Un pays prêt à tenir, mais sous haute tension
L’Azerbaïdjan n’est pas l’Ukraine. Ni par sa taille, ni par sa position stratégique. Mais Bakou partage un point commun avec Kyiv : celui d’avoir pris ses distances avec Moscou sans renier ses ambitions de souveraineté. Et ce choix pourrait désormais lui coûter cher.
Pour l’heure, le ciel du Caucase reste calme. Mais chaque déclaration, chaque mouvement de troupe, chaque incident de frontière pourrait faire basculer la région. La Russie a montré qu’elle ne prévient pas toujours avant de frapper. L’Azerbaïdjan, lui, entend ne plus jamais être pris par surprise.
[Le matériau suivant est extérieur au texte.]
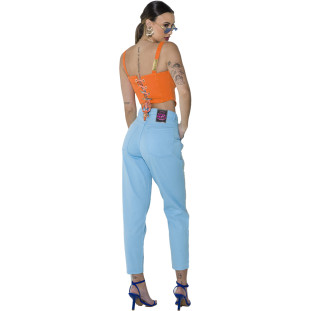 Calça Jeans Mom Onça Preta Detalhe Strass O23 Azul Feminino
Dispositif militaire russe dans le Caucase en 2025
Unité / Base | Localisation | Effectifs estimés | Matériels | Remarques |
---|---|---|---|---|
102e base militaire russe | Gyumri, Arménie | ≈ 3 500 soldats | T-72B3, BMP-2, S-300, MiG-29 | Base clé sous pression politique ; coopération avec Erevan affaiblie |
49e Armée combinée | District militaire Sud (Krasnodar, Tchétchénie) | ≈ 15 000 | Chars, artillerie, unités de génie | Ressources amoindries par redéploiements en Ukraine |
Garde-frontières (FSB) | Daghestan, Ossétie du Nord | ≈ 4 000 | Blindés légers, drones d’observation | Mobilisés en cas d’incidents frontaliers localisés |
46e brigade Spetsnaz | Grozny, Tchétchénie | 1 500 à 2 000 | Armes légères, drones, équipements de reconnaissance | Forces spéciales utilisées pour opérations hybrides ou sabotage |
Cyber-commandement régional (non déclaré) | Rostov-sur-le-Don (hypothèse) | Inconnu | Capacités cyber, guerre électronique | Susceptible de mener des campagnes de désinformation et de perturbation |
Interprétation stratégique :
• La base de Gyumri en Arménie, historiquement importante pour la projection russe dans le Caucase, perd de sa valeur stratégique, l’Arménie se rapprochant de plus en plus de l’Occident.
• Les unités déployées dans le District militaire Sud sont épuisées par l’effort de guerre en Ukraine, rendant un redéploiement massif vers l’Azerbaïdjan politiquement risqué et militairement limité.
• La capacité de nuisance asymétrique (Spetsnaz, guerre hybride, cyber) reste néanmoins un outil opérationnel puissant, et probablement le plus réaliste dans une stratégie de harcèlement.